Halstead's theory of software science is one of "the best known and most thoroughly studied . . . composite measures of (software)...

Halstead's theory of software science is one of "the best known and most thoroughly studied . . . composite measures of (software) complexity". Software science proposed the first analytical "laws" for computer software.

Software science assigns quantitative laws to the development of computer software, using a set of primitive measures that may be derived after code is generated or estimated once design is complete. These follow:

n1 = the number of distinct operators that appear in a program.
n2 = the number of distinct operands that appear in a program.
N1 = the total number of operator occurrences.
N2 = the total number of operand occurrences.

Halstead uses these primitive measures to develop expressions for the overall program length, potential minimum volume for an algorithm, the actual volume (number of bits required to specify a program), the program level (a measure of software complexity), the language level (a constant for a given language), and other features such as development effort, development time, and even the projected number of faults in the software.

Halstead shows that length N can be estimated

N = n1 log 2 n1 + n2 log 2 n2

and program volume may be defined

V = N log 2 (n1 + n2)
It should be noted that V will vary with programming language and represents the volume of information (in bits) required to specify a program.

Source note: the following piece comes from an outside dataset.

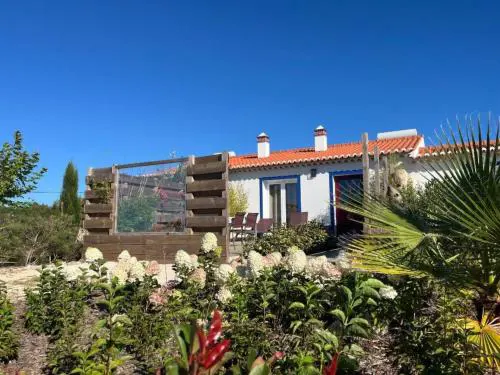 Holiday Home Haus Bamboo in Odeceixe mit ruhiger Terrasse by Interhome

Theoretically, a minimum volume must exist for a particular algorithm. Halstead defines a volume ratio L as the ratio of volume of the most compact form of a program to the volume of the actual program. In actuality, L must always be less than 1. In terms of primitive measures, the volume ratio may be expressed as

L = 2/n1 x n2/N2

Halstead's work is amenable to experimental verification and a large body of research has been conducted to investigate software science. A discussion of this work is beyond the scope of this text, but it can be said that good agreement has been found between analytically predicted and experimental results.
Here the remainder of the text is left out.